В пепельно-серых волосах седины уже виднелось столько, сколько у женщин лет сорока пяти — пятидесяти, и самое отвратительное, что закрасить её не получалось. Первая седина появилась сразу после попытки самоубийства, и с каждым годом прибавлялось всё больше, а краска для волос не помогала. Точнее, краситься волосы мне нельзя было. Какой бы фирмы краску я не купила, и какого бы цвета, как только я наносила её, кожу головы начинало так печь, что я моментально бежала всё смывать, боясь остаться вообще без волос. И вот теперь седина уже начала проступать прядями, а не отдельными волосками. «Наверное, ещё лет пять, и я поседею полностью… И буду выглядеть сухонькой старушкой с молодым лицом… А впрочем, какая разница, как я буду выглядеть. Не хочу больше ничего. Хватило и одного мужчины в жизни. Сергей своей второй жизнью так нагадил в душу, что я вряд ли захочу ещё раз пройти через второй замужество. Да и не хочу взвалить кому-нибудь на плечи свои проблемы. Никто не вынесет моих постоянных болезней… Буду жить с Маврикием Петровичем… пока он не умрёт» — сердце снова болезненно кольнуло внутри, потому что и кот однажды должен был умереть, а значит, придётся снова переносить эту боль. «Ох, нет, нельзя сейчас об этом думать!» — скомандовала я себе и, отвернувшись от зеркала, осмотрела комнату в поисках своего любимого рыжего комка.
Но его было не видно, а попытки позвать ни к чему не привели. «А может так и лучше. Если бы он сейчас пришёл и запрыгнул ко мне на руки, я бы снова ощутила новую волну боли. Ведь раньше одной рукой я гладила его, а второй — собаку. А теперь… Ох, ну опять! Нельзя об этом думать. Нужно хоть на пару секунд отвлечься. Хоть как-нибудь, иначе я точно расплачусь, и начнётся истерика, а потом меня уже ничего не остановит и закончится всё больницей».

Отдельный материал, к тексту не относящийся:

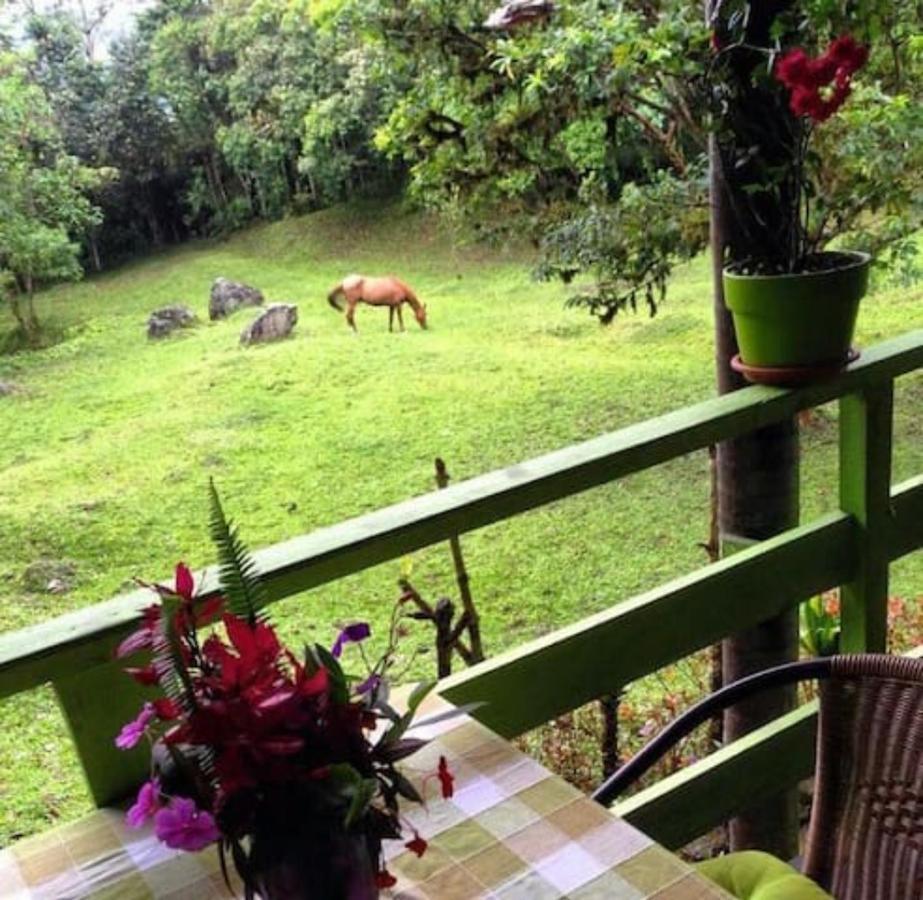 Mindo Eco Chalet Con Rio Y Cascada Ngoại thất bức ảnh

Однако как отвлечься, я совершенно не представляла. «Может ужин приготовить и поесть?». Но этого совершенно не хотелось и мысли о еде вызвали отвращение. «Только хуже себе сделаю… Да и тяжело придётся, ведь некому будет бросить даже печеньку или что-нибудь вкусненькое… Значит, кухня отменяется. Может тогда телевизор включить?… Нет. Любой звук сейчас болезненно ударит по натянутым нервам… Попробовать почитать?… Не смогу сосредоточиться» — всё, что приходило в голову или раздражало, или напоминало об умершей собаке, и я снова всхлипнула. «Ладно, пойду хотя бы приму душ. После того, как копала яму, вся испачкалась и нужно смыть грязь» — решила я и поплелась к ванной комнате.
Водные процедуры не принесли облегчения, а как назло ещё больше напомнили об умершем любимчике. «Он так любил купаться… И так комично фыркал всегда, а потом выбегая с ванны обтряхивался и приходилось заново мыть пол… А теперь этого не будет…» — тоскливо пронеслось в голове и я направилась в спальню, чувствуя, что сил больше нет. Сейчас хотелось одного — лечь и больше никогда не двигаться.
Идя по коридору, я поймала себя на мысли, что прислушиваюсь к звукам и хочу сейчас услышать, как сзади, ступая по ламинату и цокая когтями, за мной идёт пёс, но в квартире было настолько тихо, что самой захотелось завыть.
В спальне, даже не высушив волосы, я забралась под одеяло, чувствуя, что меня уже знобит от боли, цепко засевшей в груди, а потом не выдержала и разрыдалась. «Ну и пусть попаду в больницу… Пусть! Может, вообще умру, и больше не будет этих мучений! Я должна выплакать свою боль, иначе сойду с ума! Что это вообще за жизнь такая, в которой необходимо себя во всём ограничивать? Это не жизнь, а мука!» — плача навзрыд, подумала я и уткнулась в подушку.